• Task input:
------------------------------

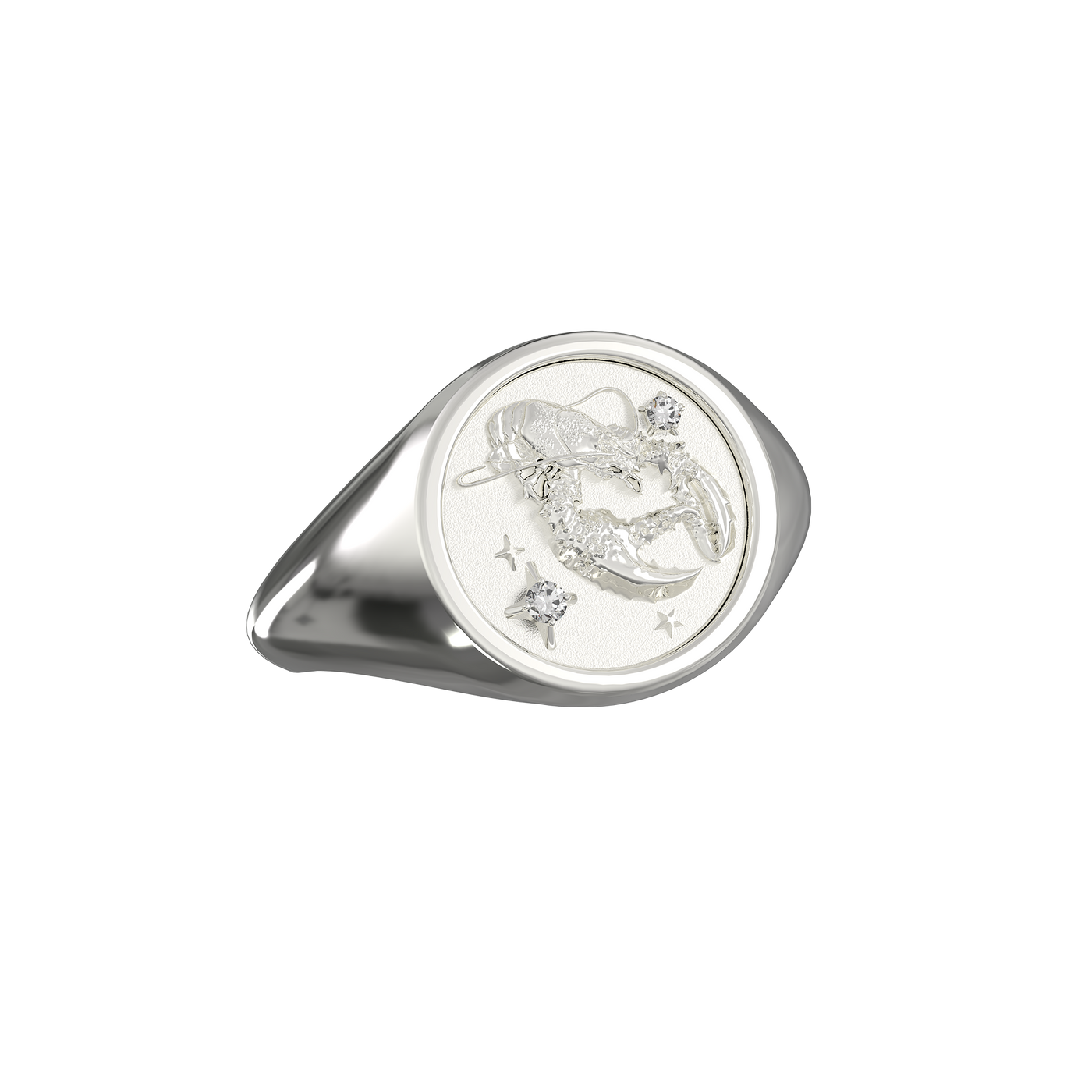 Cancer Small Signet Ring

------------------------------

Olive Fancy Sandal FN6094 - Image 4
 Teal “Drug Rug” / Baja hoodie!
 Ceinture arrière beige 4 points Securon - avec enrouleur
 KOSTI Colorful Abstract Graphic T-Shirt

------------------------------

• Your instructions: In the listing above, the lines from the one containing "Olive Fancy Sandal FN6094 - Image 4" through the one containing "KOSTI Colorful Abstract Graphic T-Shirt" must be set down exactly, with no other lines.

• Output for this exercise:
Olive Fancy Sandal FN6094 - Image 4
 Teal “Drug Rug” / Baja hoodie!
 Ceinture arrière beige 4 points Securon - avec enrouleur
 KOSTI Colorful Abstract Graphic T-Shirt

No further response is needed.